Por fin llegó a Liverpool; después a Londres, donde la intensa vida social atenuó el recuerdo, mas no el amor gracias a que la correspondencia fluyó con ayuda del proverbial correo británico. Las cartas de María Luisa alcanzaban regularmente a Robert en la capital británica y trataron de seguirlo hasta San Petersburgo. Siempre le traían felicidad salvo aquélla del 13 de febrero de 1842: “Cartas de Caracas. El señor Harrison me anuncia que su esposa le regaló un hijo el 20 de noviembre, un precioso bebé con ojos grandes y oscuros como los de su madre (subrayó él mismo), cuya salud era estupenda. Su carta está fechada el 29 de noviembre del 41…”, y a continuación: “Cené en casa. Dolor de cabeza fuerte y bilis”. ¿Sabía de aquel embarazo? ¿Era suyo el hijo? La correspondencia posterior sugiere que sí y sí, pero la noticia fue un sablazo; en adelante cambió el tono del diario que escribía religiosamente, en los tres meses que siguieron una sola vez refunfuñó: “Pocas cartas, ninguna de Venezuela” (24 de abril de 1842). “¡Oh, qué sufrimientos los de este callejón sin salida…”.
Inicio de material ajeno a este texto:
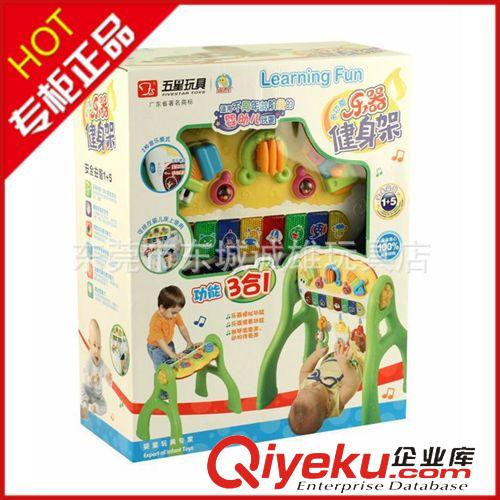 五星幼兒玩具 zp 五星  熱賣 FS-37721  琴鍵健身架 益智嬰兒產(chǎn)品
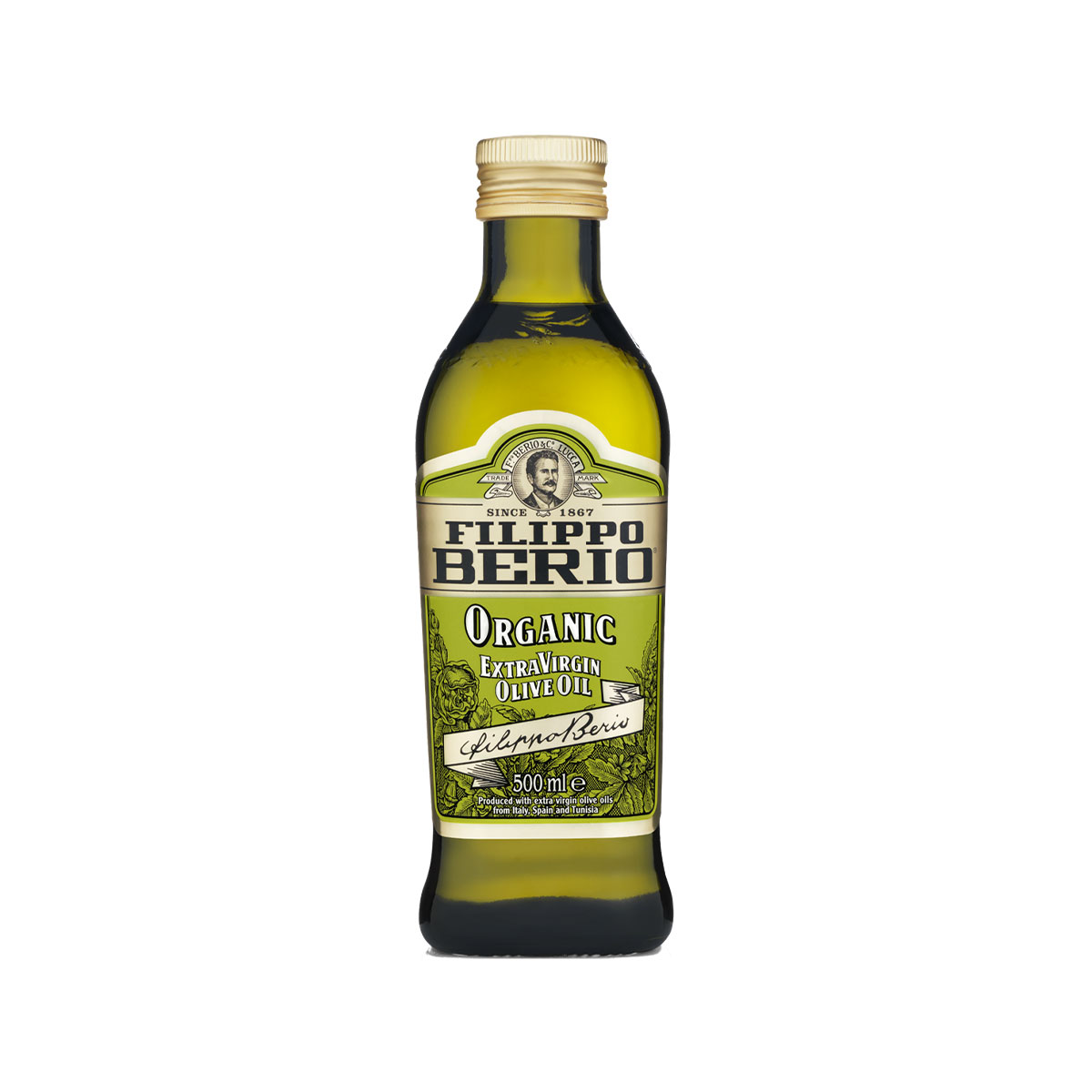 organic-olive-oil ORGANSKO EXTRA DEVIČANSKO MASLINOVO ULJE 500 ml - Слика 1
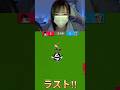うちとPvP勝負したい人はいいねしてね!👍 #shorts #brainrot #pvp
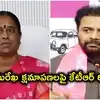 'ఇంకా చాలా మంది వరుసలో ఉన్నారు'.. కొండా సురేఖ క్షమాపణలపై కేటీఆర్ రియాక్షన్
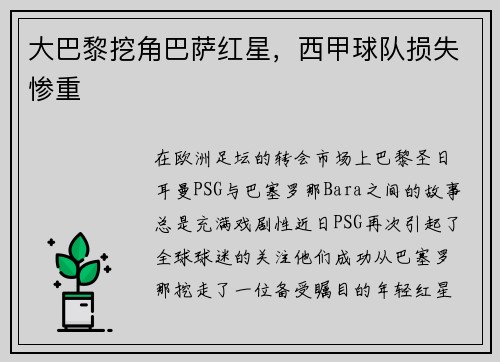 大巴黎挖角巴萨红星，西甲球队损失惨重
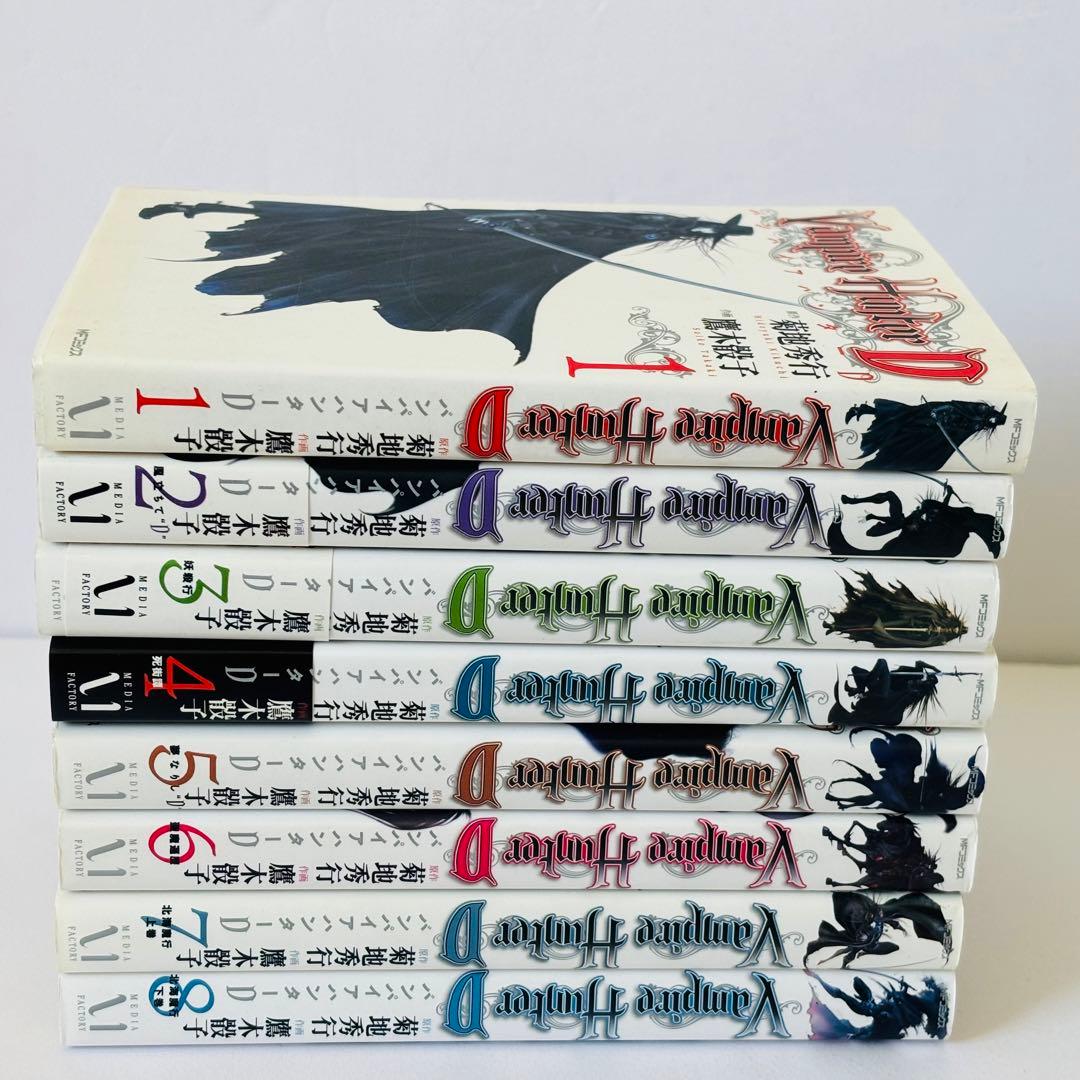 バンパイアハンターD 1-8巻 全巻初版 2.3.4帯付き 1巻ハガキ付 - メルカリ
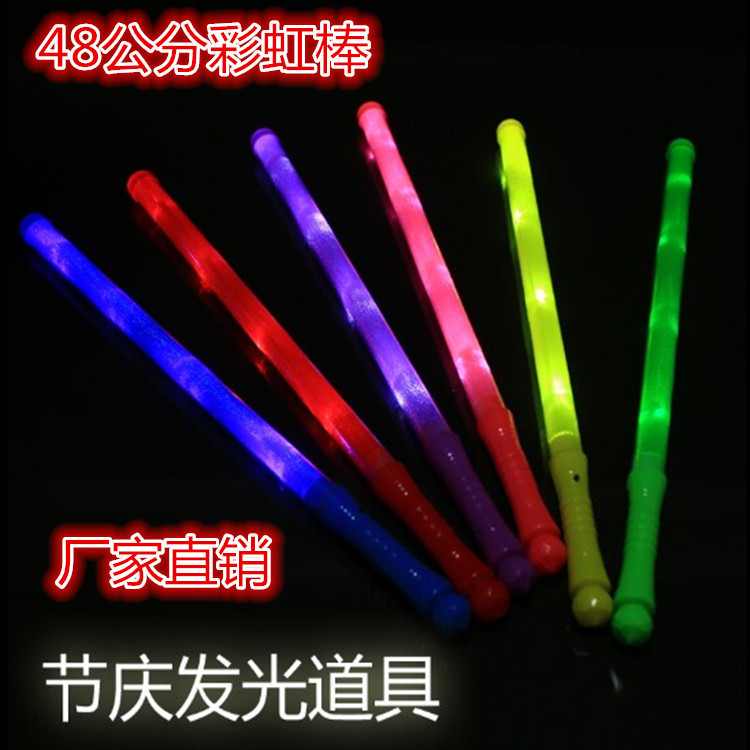 2352149942_1989997481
Mientras tanto, en Maiquetía, la “invariable María Luisa” daba pruebas de amor constante pues enviaba cartas con un barco sí y otro no. Pero Robert no las recibía. Su “amada limeña” culpaba de ello a los nuevos vapores de hierro que llevaban el correo británico entre América e Inglaterra. Las cartas que rezumaban ternura y hablaban del hijo común no llegaron a tiempo a San Petersburgo; primero llegó la muerte. Robert dejó este mundo el 4 de mayo de 1842 a los 65 años, fulminado por una apoplejía: “Sé que debo tener toda confianza con Ud. mi más querido amigo y por esto aprovecharé de la misma para molestarlo en que me mande de Londres algunas frioleras que necesito para mi hijo. La primera es un sombrero redondo negro de terciopelo con un vestido igual, como para un niño de 12 meses; así creo que cuando lleguen estarán precisa mente a su tamaño. La segunda será una docena de zapatitos para él mismo y la tercera un organito chiquito de música para entretenerlo en este Caracas tan triste. Disimule mi libertad, pero creo que a nadie debo pedírselo con más franqueza que a Ud., como que le toca por derecho el mandárselas siendo Ud. su p…“. (…) “Adiós amado de mi vida”.
Desenlace nada extraordinario
María Luisa nombró a la hermana de Porter, Jane, la novelista, madrina del pequeño Robert. Confidente de su hermano, Jane conocía el secreto de sus amores. La relación entre los Harrison y Jane continuó: el 20 de enero de 1849 Edward Harrison escribió a su comadre pidiéndole interceder ante el Foreign Office para que lo designara Vicecónsul de Inglaterra en Maracaibo, para mejor sustentar a María Luisa y al pequeño Robert. Y Jane cumplió.
El tiempo habría borrado las historias de amor del pasado de no ser porque los humanos enamorados, si tienen escuela, escriben y cantan. Las “mogigangas religiosas”, el juicio moral cambian con las épocas y no sirven para comprender vidas como las de Robert y María Luisa. Nada extraordinario tienen sus amores, sencillo canto a la vida que interpretaron con elegancia y altura. Una pregunta queda sin contestar: ¿qué habrá sido de aquel “chiquito”, hijo de su pasión, Robert Harrison Arguinao?